EXERCISE OBJECTIVE:
Among the records that follow, count the lines where "Black" appears, and state the count by itself.

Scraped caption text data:
::::

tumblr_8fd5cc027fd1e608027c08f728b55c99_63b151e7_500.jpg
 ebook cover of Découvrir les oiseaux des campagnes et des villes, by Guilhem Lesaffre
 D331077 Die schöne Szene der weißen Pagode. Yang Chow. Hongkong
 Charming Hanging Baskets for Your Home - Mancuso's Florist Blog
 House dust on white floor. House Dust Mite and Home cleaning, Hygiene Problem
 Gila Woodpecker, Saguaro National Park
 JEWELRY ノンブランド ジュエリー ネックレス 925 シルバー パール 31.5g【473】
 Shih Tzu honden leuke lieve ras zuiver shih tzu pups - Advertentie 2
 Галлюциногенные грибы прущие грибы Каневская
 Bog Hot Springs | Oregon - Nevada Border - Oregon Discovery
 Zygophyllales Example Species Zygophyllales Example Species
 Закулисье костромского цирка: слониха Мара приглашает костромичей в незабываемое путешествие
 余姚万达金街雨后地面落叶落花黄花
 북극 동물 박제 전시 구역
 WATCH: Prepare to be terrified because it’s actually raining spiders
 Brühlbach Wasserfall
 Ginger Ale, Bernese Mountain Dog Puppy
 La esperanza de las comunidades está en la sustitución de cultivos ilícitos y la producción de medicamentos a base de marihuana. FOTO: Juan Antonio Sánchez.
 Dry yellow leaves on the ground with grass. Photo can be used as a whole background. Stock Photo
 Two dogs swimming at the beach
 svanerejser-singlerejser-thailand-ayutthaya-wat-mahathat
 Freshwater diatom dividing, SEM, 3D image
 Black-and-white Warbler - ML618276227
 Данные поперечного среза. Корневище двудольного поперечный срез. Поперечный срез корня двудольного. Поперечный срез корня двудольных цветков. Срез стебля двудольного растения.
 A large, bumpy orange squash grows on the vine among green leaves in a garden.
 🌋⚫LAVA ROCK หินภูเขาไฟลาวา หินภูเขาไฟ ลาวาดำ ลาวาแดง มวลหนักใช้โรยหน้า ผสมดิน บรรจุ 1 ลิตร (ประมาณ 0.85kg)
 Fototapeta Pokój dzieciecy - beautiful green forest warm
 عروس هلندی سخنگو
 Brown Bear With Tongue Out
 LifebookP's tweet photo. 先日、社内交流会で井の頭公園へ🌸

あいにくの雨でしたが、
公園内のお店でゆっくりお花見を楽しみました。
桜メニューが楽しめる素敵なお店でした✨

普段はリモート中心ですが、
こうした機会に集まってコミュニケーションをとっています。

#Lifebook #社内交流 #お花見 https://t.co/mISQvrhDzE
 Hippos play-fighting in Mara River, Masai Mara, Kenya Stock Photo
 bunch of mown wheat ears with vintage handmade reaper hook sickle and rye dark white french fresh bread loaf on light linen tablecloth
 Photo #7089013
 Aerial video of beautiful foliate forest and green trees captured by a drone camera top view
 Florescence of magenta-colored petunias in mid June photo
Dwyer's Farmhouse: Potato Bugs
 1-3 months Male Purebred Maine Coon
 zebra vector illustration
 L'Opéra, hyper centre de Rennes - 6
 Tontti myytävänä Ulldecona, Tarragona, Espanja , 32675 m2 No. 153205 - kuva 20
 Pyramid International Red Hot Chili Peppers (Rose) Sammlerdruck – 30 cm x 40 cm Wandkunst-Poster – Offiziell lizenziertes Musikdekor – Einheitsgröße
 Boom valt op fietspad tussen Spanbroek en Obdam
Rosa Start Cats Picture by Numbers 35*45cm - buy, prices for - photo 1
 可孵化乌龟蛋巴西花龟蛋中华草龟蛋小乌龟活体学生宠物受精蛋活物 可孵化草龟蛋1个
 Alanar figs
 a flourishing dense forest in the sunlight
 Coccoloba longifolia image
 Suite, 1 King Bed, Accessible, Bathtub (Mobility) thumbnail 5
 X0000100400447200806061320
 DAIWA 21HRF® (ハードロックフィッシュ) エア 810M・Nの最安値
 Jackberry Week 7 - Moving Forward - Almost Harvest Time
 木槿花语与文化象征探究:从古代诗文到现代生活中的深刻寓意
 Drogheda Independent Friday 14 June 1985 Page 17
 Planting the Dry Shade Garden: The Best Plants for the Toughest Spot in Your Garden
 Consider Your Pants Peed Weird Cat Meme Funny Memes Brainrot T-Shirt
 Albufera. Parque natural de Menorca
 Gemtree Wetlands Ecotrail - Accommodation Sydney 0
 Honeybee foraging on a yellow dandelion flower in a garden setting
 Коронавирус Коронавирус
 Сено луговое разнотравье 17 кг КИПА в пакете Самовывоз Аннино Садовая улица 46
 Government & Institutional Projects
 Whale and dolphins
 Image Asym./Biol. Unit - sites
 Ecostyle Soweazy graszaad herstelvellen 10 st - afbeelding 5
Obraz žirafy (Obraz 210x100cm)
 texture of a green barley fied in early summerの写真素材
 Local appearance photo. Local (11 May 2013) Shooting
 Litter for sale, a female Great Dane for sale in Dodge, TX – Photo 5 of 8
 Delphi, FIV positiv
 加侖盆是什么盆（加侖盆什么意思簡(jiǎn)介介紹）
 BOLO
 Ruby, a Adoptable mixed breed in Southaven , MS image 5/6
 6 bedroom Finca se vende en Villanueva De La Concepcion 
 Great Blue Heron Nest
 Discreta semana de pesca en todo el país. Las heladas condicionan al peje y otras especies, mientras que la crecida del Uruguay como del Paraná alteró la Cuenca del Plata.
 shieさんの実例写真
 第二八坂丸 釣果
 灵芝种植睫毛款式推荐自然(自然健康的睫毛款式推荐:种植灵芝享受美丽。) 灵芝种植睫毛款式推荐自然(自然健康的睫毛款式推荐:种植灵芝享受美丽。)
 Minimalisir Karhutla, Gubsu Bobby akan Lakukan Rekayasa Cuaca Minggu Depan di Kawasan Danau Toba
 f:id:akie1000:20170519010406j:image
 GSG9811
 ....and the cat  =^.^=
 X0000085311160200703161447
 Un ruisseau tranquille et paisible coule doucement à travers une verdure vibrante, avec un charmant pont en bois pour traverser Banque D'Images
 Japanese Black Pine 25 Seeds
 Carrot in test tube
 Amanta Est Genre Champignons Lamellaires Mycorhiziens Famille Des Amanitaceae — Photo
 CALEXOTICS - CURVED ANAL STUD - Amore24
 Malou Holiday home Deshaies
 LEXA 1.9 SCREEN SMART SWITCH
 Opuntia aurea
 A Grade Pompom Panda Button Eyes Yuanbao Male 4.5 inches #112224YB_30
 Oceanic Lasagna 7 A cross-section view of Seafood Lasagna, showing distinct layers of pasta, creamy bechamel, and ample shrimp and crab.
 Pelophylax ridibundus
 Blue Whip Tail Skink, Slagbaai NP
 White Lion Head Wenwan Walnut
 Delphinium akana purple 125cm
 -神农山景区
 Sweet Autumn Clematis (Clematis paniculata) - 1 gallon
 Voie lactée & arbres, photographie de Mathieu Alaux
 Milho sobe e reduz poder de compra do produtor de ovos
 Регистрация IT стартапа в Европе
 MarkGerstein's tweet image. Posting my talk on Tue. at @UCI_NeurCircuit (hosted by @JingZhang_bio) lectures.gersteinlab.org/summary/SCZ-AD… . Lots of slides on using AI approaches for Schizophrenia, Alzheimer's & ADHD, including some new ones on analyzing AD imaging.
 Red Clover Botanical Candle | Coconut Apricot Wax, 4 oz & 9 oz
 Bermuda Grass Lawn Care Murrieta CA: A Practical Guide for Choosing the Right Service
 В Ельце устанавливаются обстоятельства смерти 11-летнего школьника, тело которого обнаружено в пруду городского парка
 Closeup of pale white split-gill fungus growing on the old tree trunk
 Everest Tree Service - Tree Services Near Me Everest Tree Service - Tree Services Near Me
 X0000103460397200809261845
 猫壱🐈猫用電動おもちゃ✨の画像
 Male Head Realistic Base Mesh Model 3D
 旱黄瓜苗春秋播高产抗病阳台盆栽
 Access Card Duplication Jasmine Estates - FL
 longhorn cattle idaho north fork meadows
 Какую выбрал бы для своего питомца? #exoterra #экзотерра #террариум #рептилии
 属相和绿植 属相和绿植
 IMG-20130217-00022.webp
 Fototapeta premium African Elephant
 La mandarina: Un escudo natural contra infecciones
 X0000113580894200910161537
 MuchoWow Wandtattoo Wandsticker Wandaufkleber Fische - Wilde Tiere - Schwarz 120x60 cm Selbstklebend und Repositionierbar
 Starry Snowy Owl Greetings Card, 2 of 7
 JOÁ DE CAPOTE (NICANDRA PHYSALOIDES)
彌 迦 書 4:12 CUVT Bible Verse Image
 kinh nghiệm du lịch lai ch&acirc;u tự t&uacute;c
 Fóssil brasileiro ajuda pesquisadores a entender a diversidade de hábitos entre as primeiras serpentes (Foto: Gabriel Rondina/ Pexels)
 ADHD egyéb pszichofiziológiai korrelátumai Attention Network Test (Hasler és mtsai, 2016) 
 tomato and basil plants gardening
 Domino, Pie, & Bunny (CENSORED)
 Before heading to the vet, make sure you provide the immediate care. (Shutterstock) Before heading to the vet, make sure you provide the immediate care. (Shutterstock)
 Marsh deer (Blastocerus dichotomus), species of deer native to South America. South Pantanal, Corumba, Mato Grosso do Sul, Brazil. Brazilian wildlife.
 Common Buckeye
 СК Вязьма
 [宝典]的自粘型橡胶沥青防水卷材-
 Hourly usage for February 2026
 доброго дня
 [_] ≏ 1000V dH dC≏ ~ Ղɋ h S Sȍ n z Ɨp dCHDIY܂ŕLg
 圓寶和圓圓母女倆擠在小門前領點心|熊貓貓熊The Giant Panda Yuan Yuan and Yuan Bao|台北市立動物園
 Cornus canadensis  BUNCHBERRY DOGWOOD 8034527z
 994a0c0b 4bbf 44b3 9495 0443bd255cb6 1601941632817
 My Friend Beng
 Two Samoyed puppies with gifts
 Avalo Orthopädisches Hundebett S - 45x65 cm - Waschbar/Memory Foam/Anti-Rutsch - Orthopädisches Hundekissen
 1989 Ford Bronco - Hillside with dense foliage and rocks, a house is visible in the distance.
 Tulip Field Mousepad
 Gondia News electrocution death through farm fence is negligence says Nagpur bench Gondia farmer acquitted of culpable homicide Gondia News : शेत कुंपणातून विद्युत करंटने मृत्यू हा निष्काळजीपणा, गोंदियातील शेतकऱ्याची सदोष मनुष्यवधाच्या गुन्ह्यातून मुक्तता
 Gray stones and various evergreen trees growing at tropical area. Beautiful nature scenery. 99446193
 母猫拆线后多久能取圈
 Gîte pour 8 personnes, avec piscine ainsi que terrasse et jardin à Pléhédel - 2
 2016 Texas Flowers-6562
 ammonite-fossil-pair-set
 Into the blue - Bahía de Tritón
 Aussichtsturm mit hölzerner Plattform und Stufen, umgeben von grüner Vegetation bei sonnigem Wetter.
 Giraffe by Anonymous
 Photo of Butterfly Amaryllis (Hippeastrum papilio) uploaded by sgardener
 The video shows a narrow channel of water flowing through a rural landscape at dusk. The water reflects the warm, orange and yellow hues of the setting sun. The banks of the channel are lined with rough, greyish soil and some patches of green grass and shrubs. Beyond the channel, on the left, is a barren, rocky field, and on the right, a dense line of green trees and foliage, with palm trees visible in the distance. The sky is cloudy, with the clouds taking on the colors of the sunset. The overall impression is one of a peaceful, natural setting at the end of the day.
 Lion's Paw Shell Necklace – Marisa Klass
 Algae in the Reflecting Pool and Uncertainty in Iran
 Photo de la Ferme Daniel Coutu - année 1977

::::

ANSWER FOR THIS EXERCISE:
2